Additionally, unplanned purchases can often lead to cash-flow problems which, in turn, brings on a different set of headaches.

He suggests operating a capital budget plan to cover a period of up to eight years, then writing into the budget when changes of major machinery items are expected.

Estimate the resale values of machines when calculating the capital budget to arrive at net change-over costs for each year, and then average the figures over the period of the budget to provide an annual average change-over cost. This can then be set aside for machinery reinvestment.

"Capital budgeting serves two purposes," Mr Markham suggests.

"Growers can plan machinery replacement policies and the cash required for them; and it provides a means of assessing whether or not the business is over- or under-mechanised.

Once the average annual change-over cost has been calculated from the capital budget, this figure needs to be divided by the farms area to determine how much capital per hectare needs to be put back in to purchase new equipment.

This should ideally be the farms target depreciation – a higher figure suggests over-investment in machinery while a lower figure suggests more money needs to be put back in.

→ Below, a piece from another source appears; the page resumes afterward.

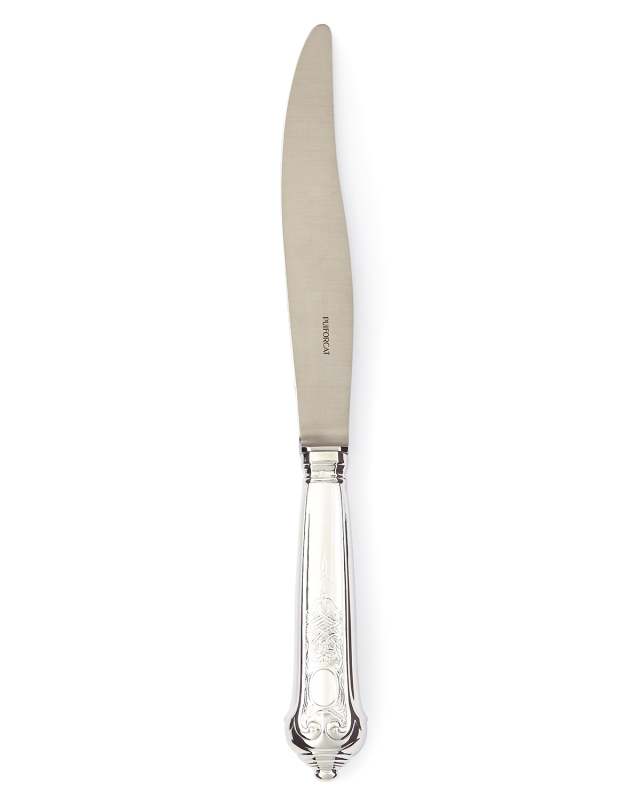 Elysee Sterling Silver Dinner Knife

Capital budget for typical 400ha arable unit

Expected replacement price and year in which changed

Machine Age (years) 1998 1999 2000 2001 2002 2003 2004

Combine 3 110,000

100hp tractor 7 32,000

200hp tractor 5 68,000

Seed drill 2 28,000

SP sprayer 6 52,000

Tele-handler 4 28,000

New values 28,000 32,000 52,000 68,000 110,000 – 28,000

– less approximate 12,000 14,500 8,500 16,500 25,000 – 3,500

trade-in value –

Net change-over cost 16,000 175,000 44,000 51,500 85,000 — 24,500

Average annual change-over cost £34,071 (total net divided by number of years) or £85/ha.


A recent costings survey carried out by Grant Thornton on 32,376ha (80,000 acres) of arable land – 55% of it wheat – gave a combined labour and machinery cost of £260/ha (£105/acre) after excluding an amount for property maintenance.

On a typical 283ha (699 acres) arable unit, 44% of this figure is spent on crop establishment (31% of it before drilling), a further 21% on crop maintenance and the remaining 35% towards harvesting.

"Its an eye-opener to see exactly how much money goes into producing a seed-bed," Mr Markham comments. "Although growers still need good equipment to keep their target planting dates, there are many machines and systems that could help to the job quicker and easier – and without affecting yield."

With wheat at £70/t, a 10% drop in yield on an 8t/ha crop drops income by £56/ha – which would make a significant contribution towards most farms annual machinery investment.

Machinery needs replacing regularly to maintain efficient production. A planned strategy of investment will ensure no unpleasant surprises, advises Gary Markham.